Captioned web image data:
┄┄┄┄┄┄┄┄┄┄┄┄┄┄┄┄┄┄┄┄
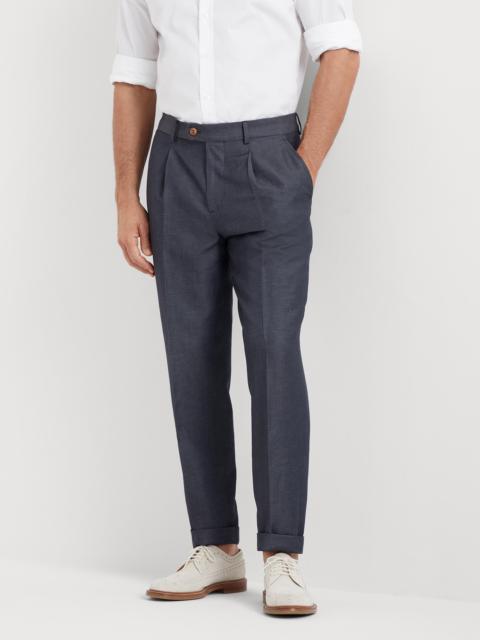 Wool and linen denim-effect twill leisure fit trousers with pleat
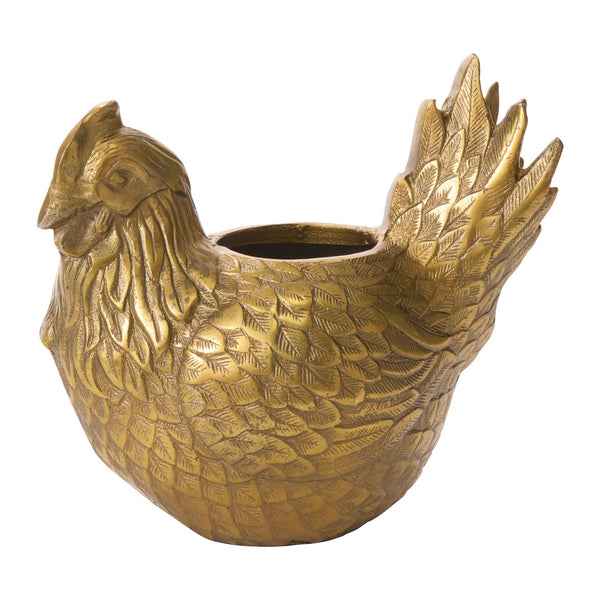 Accent Decor Spring Roost Antique Gold Metal Pot By Accent Decor
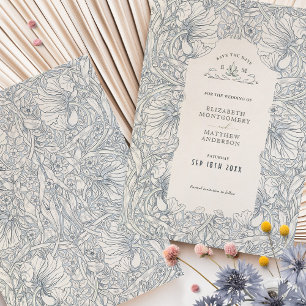 Pimpernel Muted Blue Steel Grey William Morris Invitation
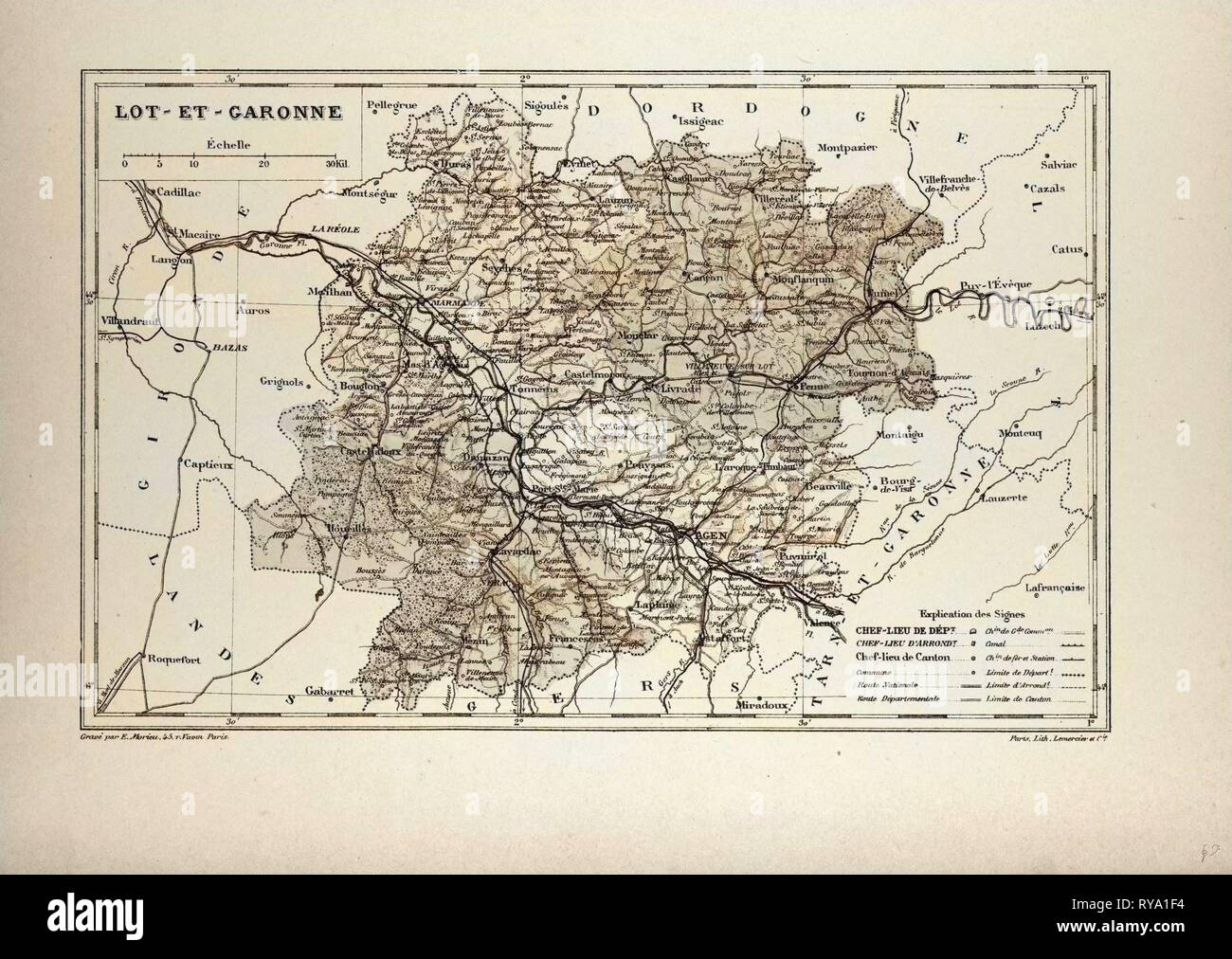 Lot Et Garonne Map Map Of Lot-Et-Garonne France Stock Photo - Alamy
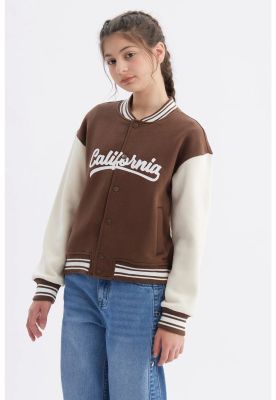 Imagen 2 del producto Chaqueta Niña Bomber Café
┄┄┄┄┄┄┄┄┄┄┄┄┄┄┄┄┄┄┄┄
EXERCISE OBJECTIVE — Are you able to set down all the lines above exactly, without any pictures?

RESPONSE —
 Wool and linen denim-effect twill leisure fit trousers with pleat
 Accent Decor Spring Roost Antique Gold Metal Pot By Accent Decor
 Pimpernel Muted Blue Steel Grey William Morris Invitation
 Lot Et Garonne Map Map Of Lot-Et-Garonne France Stock Photo - Alamy
 Imagen 2 del producto Chaqueta Niña Bomber Café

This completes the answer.